Member of the Pennsylvania House of Representatives from the 132nd district
- In office January 5, 1999 – January 1, 2013
- Preceded by: Charlie Dent
- Succeeded by: Michael Schlossberg

Personal details
- Born: May 17, 1969 (age 57) Allentown, Pennsylvania, U.S.
- Party: Democratic
- Alma mater: Lehigh University (BA)

= Jennifer Mann =

American politician

Jennifer L. Mann (born May 17, 1969) is an American businesswoman and former Democratic member of the Pennsylvania House of Representatives for the 132nd District, having served from 1999 to 2013.

==Early life and education==
Jennifer L. Mann was born in Allentown, Pennsylvania, on May 17, 1969. She attended and graduated from William Allen High School in Allentown in 1987. She then attended and graduated from Lehigh University in Bethlehem, Pennsylvania, with a BA in economics and government in 1991.

==Career==
Mann owned and operated a wireless communications firm and served on Lehigh County's Democratic Committee before seeking elected office in 1998, when she ran for the Pennsylvania House of Representatives, seeking the seat vacated by Charlie Dent when Dent ran for the Pennsylvania State Senate. Mann defeated Emma Tropiano in the Democratic primary and then Republican Allentown City Councilman and former Lehigh County executive David Bausch in the general election. She is the first Democrat to represent the Pennsylvania House of Representatives, District 132 since Jack Pressman in 1990.

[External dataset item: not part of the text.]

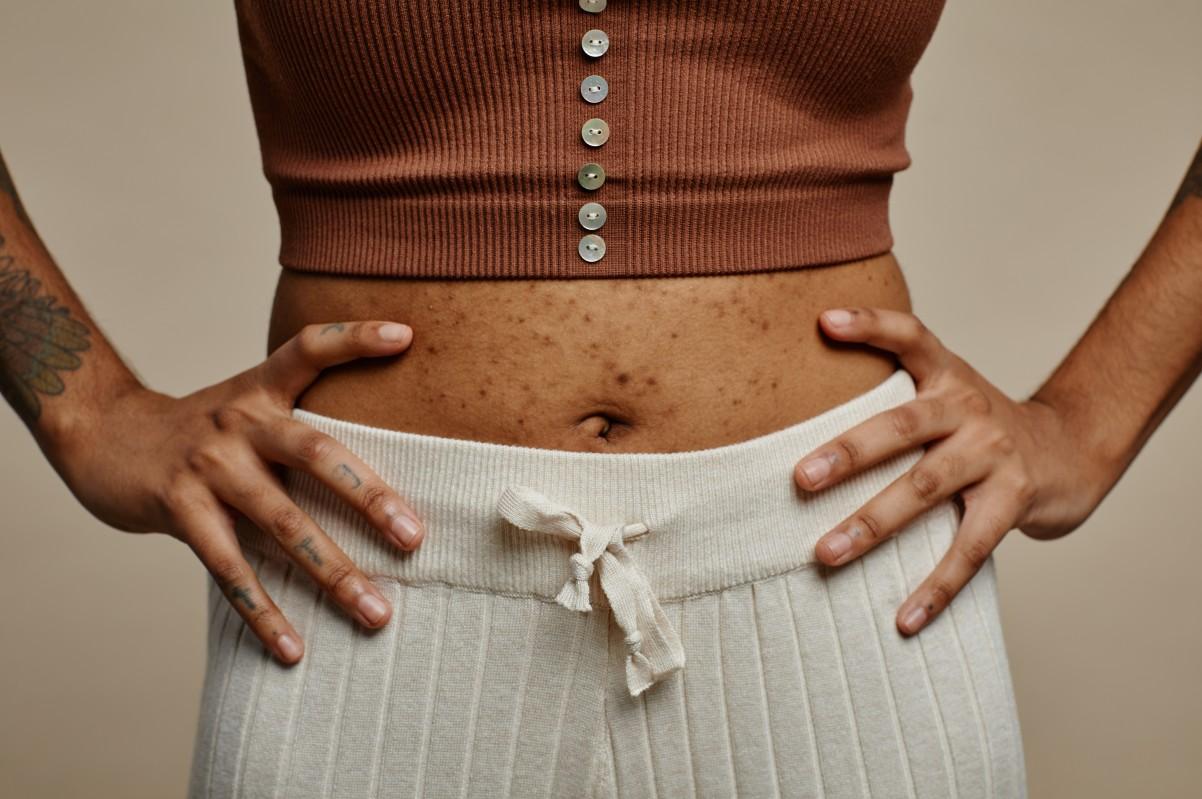 how to get rid of stomach pimples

In 2005, she ran for the Pennsylvania State Senate in a special election seeking to fill the vacancy following Dent's election to Congress. Mann lost the race to then State Representative Pat Browne. Three years later, in 2008, Mann sought the Democratic nomination Pennsylvania Treasurer. She lost that race to Robert McCord.

==Legislative career==
During her tenure in the state legislature, Mann served on the House Finance, Environmental Resources and the Energy, Consumer Affairs, Insurance and Transportation Committees. She was co-chair of the New Democrat Coalition, the Community College Caucus, the Arthritis Caucus, and served on the House Rules Committee. In 2003, the political website PoliticsPA named her as a possible successor to House Minority Leader Bill DeWeese. Mann served in Pennsylvania House leadership as Majority Caucus Secretary. She is the third woman to have served in a House Democratic leadership position since the Pennsylvania legislature was formed.

In 2012, Mann opted not to seek reelection and reentered the private sector, starting a consulting firm based in Allentown. She was succeeded in representing the district by Democrat Michael Schlossberg.